## DESCRIPTION OF THE TASK
Every line below from the one with "Used 2021 Chevrolet" through the one with "๐10 for $100๐" is to be repeated exactly, with no picture among them.

START SUPPLIED DATA

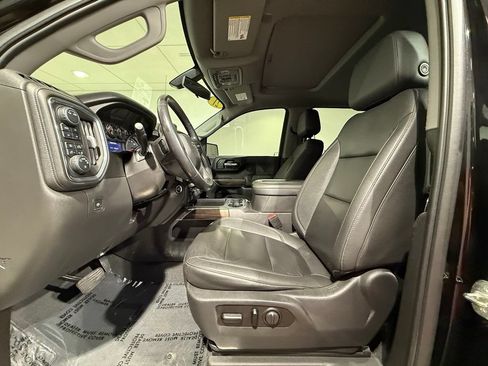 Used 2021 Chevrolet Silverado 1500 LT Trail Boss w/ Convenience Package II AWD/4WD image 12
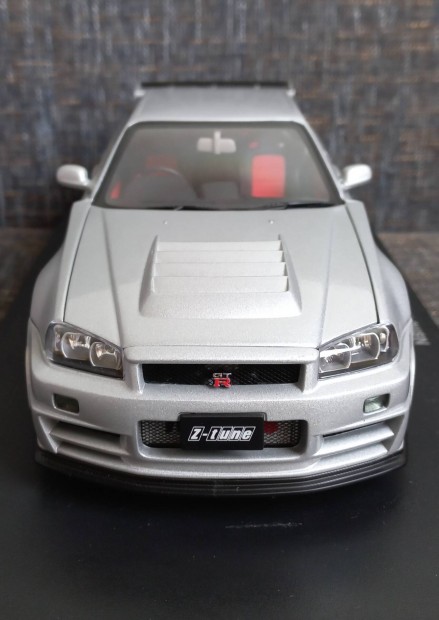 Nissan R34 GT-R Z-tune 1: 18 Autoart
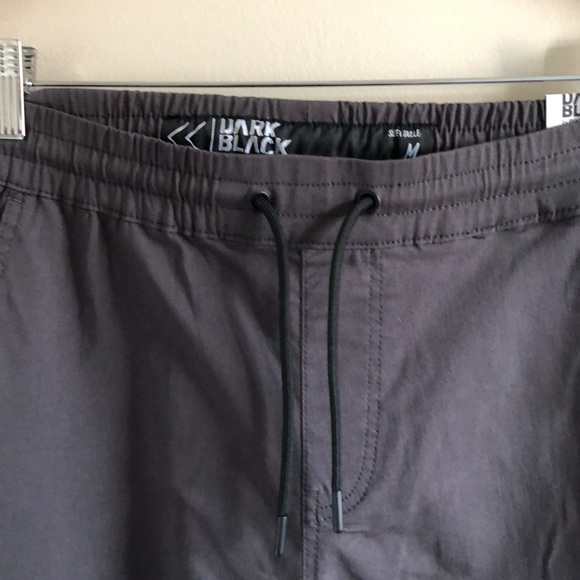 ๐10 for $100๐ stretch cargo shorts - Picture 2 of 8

END SUPPLIED DATA
START SUPPLIED DATA

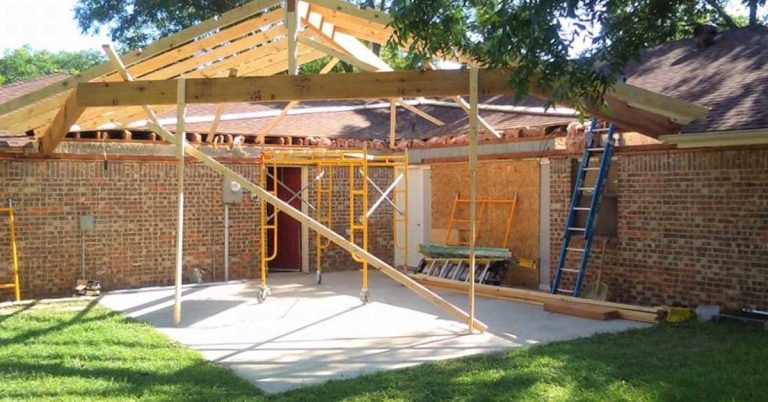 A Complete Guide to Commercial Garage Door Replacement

END SUPPLIED DATA

## THE COMPLETED TASK
 Used 2021 Chevrolet Silverado 1500 LT Trail Boss w/ Convenience Package II AWD/4WD image 12
 Nissan R34 GT-R Z-tune 1: 18 Autoart
 ๐10 for $100๐ stretch cargo shorts - Picture 2 of 8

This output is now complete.